Nichols’ true gift here though is turning a film in perpetual forward-thrust into a channel for him to visualize a group of outsiders partaking tenuously in civilization, catching glimpses of more stable lives they must ultimately abscond from in order to complete their ever-forward-hurtling mission. Nichols carves out space for digressions and excursions, enough to massage his story’s forward thrust into something more exploratory, willing to err and draw energy from the periphery, to give a little room for breathing. And then ultimately to take when we realize Roy and Lucas can’t afford to reinforce long-term relationships with the world.

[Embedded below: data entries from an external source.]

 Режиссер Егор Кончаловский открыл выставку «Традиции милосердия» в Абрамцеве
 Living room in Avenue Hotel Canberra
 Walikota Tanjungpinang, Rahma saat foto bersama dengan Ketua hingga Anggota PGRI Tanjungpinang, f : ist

A film about people on the move, with only tentative connections to the outside world, Midnight Special epitomizes the dialectic of the song it takes its name from, feeling like a train (ever in motion) and a prison (trapped away from society, and strangled by the very quest that fills the two protagonists with life). This particular perch is visualized in the film’s refrains to people external to the immediate conflict that we can glimpse but do not grasp; like Roy and Lucas, actually connecting to the world remains an ephemeral, existential happenstance that can never be satiated in full. It’s a film about fringe-dwelling people that lives, as a film, on the fringes of not only society but genre, and where visuals continually enliven the fringes of the film. Rather than orphaning his science fiction shenanigans in a placeless void, Nichols energizes them with vivid roadside life.

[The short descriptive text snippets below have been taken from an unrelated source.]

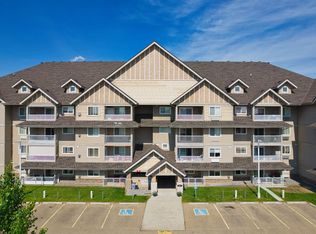 Palisades The, Spruce Grove, AB T7X 4P4
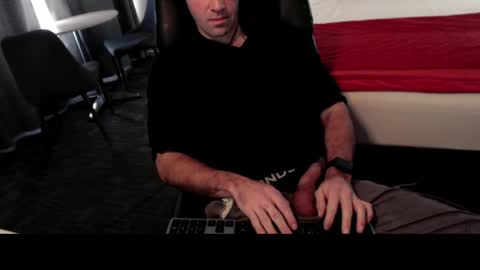 Chris online show from June 2, 9:39 pm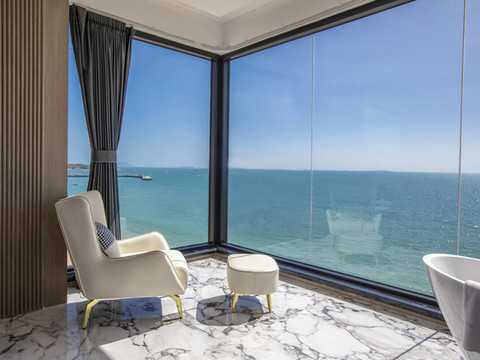 三亚熊猫爱上海·海景轻奢美宿(天涯海角店)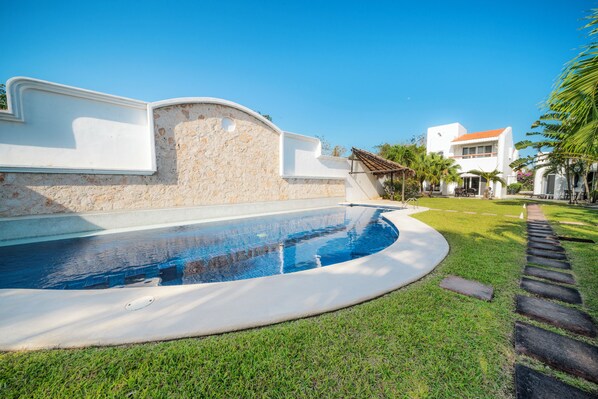 Mayamar pool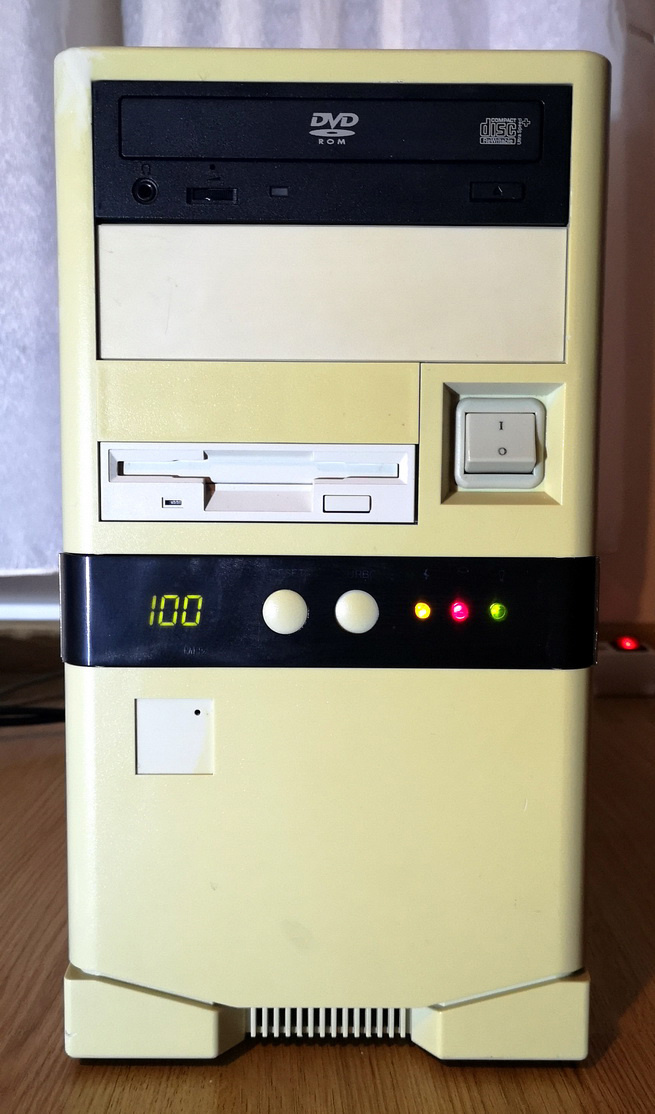 Predám Retro PC 486 DX4 100MHz (36)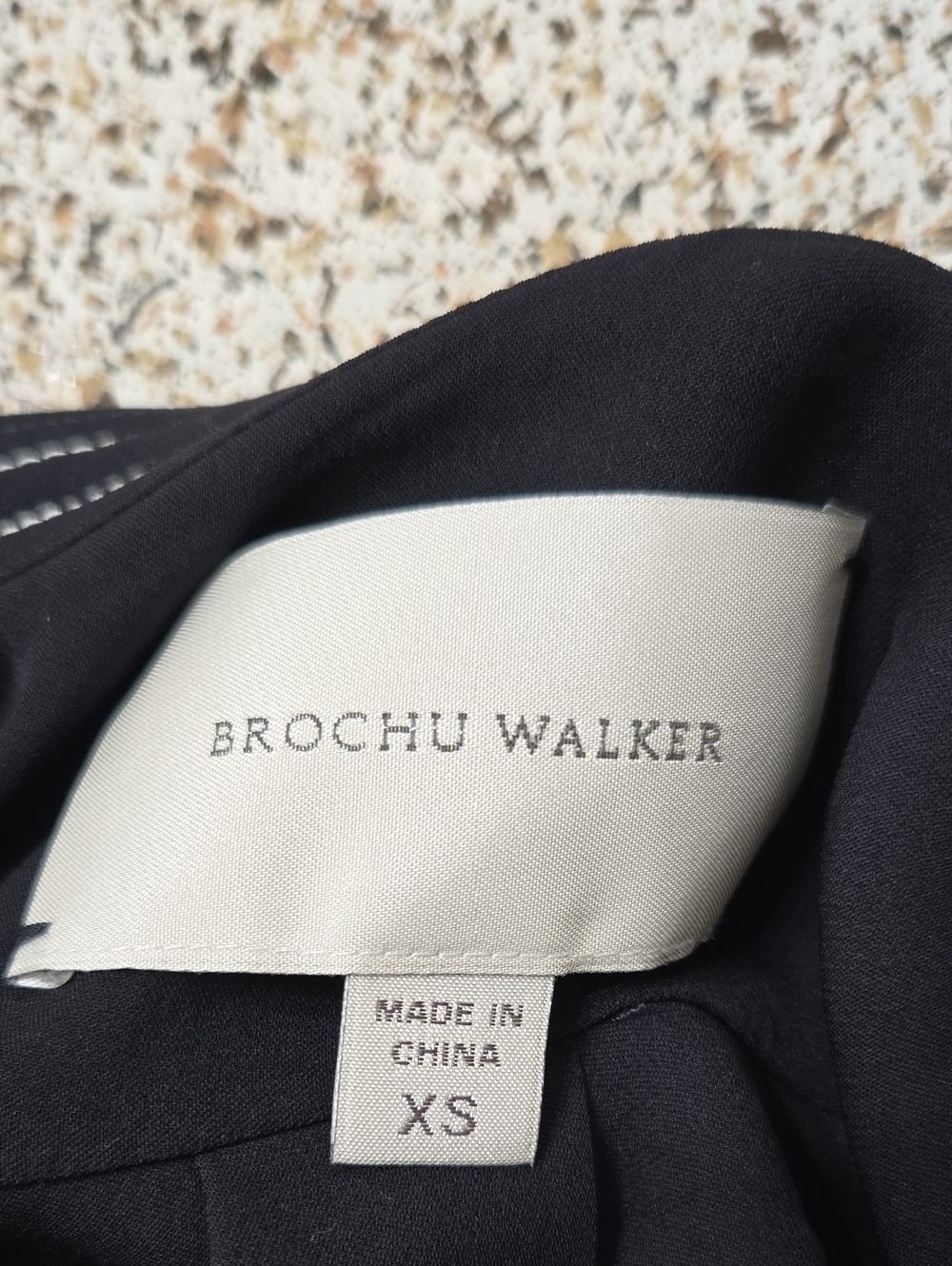 Brochu Walker Black Seville Silk Crepe Wrap Blouse/Size XS - Picture 6 of 7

Much like Mud, Nichols’ blend ultimately stutters slightly when its ambitions eventually conform to the Hollywood machine. While Mud deflated into a Southern-fried thriller, submerging the film’s swampy paranoia into a muck of action in the process, Midnight Special’s swivels into science fiction conclude with a whimper, suggesting less a filmmaker with a purpose for that genre than a desire to show off his ever so slightly enhanced budget (maybe in hopes of hot-wiring the film as his vehicle to a cushy Hollywood blockbuster, although I hope not). Largely, Nichols calls on the power of science fiction as an ancillary accouterment to his desire to avoid any one channel of cinema; the film’s finale misapprehends this balance ever so slightly, conscripting science fiction as the center of the film to its detriment. An omen of a decent “big” filmmaker is well and all, but when Nichols is playing to his strengths we already have a great small-scale filmmaker. And replacing the latter with the former is the kind of trade you only ever find at a crossroads in Mississippi.

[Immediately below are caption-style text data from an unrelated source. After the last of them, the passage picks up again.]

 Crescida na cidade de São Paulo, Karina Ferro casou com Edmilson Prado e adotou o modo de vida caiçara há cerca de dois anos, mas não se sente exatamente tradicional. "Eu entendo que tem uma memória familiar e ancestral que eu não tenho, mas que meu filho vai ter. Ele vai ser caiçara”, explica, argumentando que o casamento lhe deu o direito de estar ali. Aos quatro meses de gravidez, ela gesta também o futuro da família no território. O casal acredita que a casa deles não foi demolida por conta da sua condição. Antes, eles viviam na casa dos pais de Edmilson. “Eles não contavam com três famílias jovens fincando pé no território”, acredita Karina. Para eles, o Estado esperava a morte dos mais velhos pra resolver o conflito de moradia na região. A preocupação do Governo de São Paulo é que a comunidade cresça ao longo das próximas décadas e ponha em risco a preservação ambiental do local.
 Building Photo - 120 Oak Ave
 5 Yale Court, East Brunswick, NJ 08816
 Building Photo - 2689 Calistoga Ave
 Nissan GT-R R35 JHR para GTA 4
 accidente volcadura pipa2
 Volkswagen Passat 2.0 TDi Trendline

But Hollywood is notoriously hostile toward lingering representations of physical space (preferring instead to shuttle characters through events with no flutters of sideline energy). And Nichols’ film is at its best (which is most of the time) when imbibing in this very bespoke physicality of the Southern expanse that Roy and company glimpse through car windows, connected to yet somehow vaguely removed from because they can only seldom stop to enjoy. The essence is indie naturalism, but while that aesthetic has in recent years corroded into an excuse for first timers behind the camera to eschew aesthetics at all, Nichols’ throws in curveballs so casually that they feel like natural extensions of the ever-shifting milieu rather than perpendicular shifts of purpose. How many other Sundance-style indie dramas would swerve into imminent doom hinted in the throbbing sonic baseline that flows like molasses here? Or simmer the apocalypse down to a flotilla of naturalistic, even impressionistic beats interrupted with fluorescent rays of passion and childhood eruption? Or massage such a staple of home-grown performances (it may be Shannon’s greatest performance yet … and he was in Take Shelter)? Relaxed though it may seem, Midnight Special engages in a form of precious hell-raising with its genre precisely for how off-hand it seems. It flows like liquid.